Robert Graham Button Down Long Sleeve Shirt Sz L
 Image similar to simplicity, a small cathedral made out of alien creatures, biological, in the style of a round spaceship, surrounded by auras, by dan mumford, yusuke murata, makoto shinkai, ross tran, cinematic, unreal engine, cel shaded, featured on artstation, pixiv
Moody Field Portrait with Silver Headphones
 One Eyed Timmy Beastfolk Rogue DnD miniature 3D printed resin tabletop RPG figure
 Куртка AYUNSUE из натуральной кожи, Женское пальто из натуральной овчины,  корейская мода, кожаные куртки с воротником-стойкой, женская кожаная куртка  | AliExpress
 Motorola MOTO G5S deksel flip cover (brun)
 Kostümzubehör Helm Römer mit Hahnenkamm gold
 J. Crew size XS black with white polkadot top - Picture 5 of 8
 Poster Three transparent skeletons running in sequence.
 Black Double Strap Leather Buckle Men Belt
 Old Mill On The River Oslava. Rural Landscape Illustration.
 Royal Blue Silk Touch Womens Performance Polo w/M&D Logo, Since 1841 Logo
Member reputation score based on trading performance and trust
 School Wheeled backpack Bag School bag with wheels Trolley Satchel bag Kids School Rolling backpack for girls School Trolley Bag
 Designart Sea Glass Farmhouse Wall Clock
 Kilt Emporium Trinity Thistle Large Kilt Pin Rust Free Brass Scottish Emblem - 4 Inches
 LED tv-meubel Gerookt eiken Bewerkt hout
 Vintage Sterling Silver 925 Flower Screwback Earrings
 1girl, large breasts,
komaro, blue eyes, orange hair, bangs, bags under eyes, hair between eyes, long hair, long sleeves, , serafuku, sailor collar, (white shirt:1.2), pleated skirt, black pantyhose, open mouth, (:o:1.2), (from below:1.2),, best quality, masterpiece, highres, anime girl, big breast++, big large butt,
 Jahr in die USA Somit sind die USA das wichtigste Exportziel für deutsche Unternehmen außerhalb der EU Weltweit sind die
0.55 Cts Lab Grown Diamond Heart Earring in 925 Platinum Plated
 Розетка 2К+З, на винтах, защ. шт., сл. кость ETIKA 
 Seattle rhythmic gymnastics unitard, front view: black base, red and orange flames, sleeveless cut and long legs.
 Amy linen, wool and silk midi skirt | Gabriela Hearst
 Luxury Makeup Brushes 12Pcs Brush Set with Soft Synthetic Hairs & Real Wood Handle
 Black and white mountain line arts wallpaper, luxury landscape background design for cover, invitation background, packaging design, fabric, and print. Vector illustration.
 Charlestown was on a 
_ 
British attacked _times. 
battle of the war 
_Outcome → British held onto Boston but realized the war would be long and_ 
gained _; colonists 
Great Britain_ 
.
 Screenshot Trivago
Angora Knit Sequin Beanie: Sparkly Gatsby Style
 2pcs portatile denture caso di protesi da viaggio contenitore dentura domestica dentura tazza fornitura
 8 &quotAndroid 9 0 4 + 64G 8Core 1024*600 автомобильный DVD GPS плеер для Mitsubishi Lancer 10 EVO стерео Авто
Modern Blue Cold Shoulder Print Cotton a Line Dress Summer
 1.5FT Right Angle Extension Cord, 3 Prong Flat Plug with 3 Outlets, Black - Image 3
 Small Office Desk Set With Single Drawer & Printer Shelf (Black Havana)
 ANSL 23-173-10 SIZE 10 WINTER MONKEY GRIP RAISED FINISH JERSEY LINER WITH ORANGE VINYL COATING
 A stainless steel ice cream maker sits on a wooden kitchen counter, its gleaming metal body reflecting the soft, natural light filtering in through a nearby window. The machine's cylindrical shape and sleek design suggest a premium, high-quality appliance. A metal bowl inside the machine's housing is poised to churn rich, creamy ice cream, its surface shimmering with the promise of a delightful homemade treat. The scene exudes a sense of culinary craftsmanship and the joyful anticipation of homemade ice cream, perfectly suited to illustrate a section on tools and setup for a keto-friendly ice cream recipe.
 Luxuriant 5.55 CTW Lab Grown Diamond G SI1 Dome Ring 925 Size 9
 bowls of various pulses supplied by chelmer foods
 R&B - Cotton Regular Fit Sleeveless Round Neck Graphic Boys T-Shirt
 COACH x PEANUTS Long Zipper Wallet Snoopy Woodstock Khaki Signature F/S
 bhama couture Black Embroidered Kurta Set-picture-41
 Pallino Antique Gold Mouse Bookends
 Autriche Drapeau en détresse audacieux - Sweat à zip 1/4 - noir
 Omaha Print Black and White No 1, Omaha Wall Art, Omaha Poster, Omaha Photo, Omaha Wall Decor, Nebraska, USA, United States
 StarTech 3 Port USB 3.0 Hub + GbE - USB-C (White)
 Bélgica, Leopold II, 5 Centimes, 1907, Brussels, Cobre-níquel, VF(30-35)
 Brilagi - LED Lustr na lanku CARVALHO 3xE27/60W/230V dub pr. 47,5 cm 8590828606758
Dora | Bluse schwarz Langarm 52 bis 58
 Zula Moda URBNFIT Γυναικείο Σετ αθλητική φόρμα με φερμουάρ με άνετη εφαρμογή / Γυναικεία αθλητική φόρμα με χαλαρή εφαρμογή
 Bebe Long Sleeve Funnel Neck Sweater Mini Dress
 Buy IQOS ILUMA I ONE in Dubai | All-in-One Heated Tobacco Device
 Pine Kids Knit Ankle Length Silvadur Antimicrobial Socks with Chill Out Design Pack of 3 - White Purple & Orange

PROBLEM TO WORK ON: All lines in the listing above with the string "Grown" should be returned.

PROBLEM SOLUTION:
0.55 Cts Lab Grown Diamond Heart Earring in 925 Platinum Plated
 Luxuriant 5.55 CTW Lab Grown Diamond G SI1 Dome Ring 925 Size 9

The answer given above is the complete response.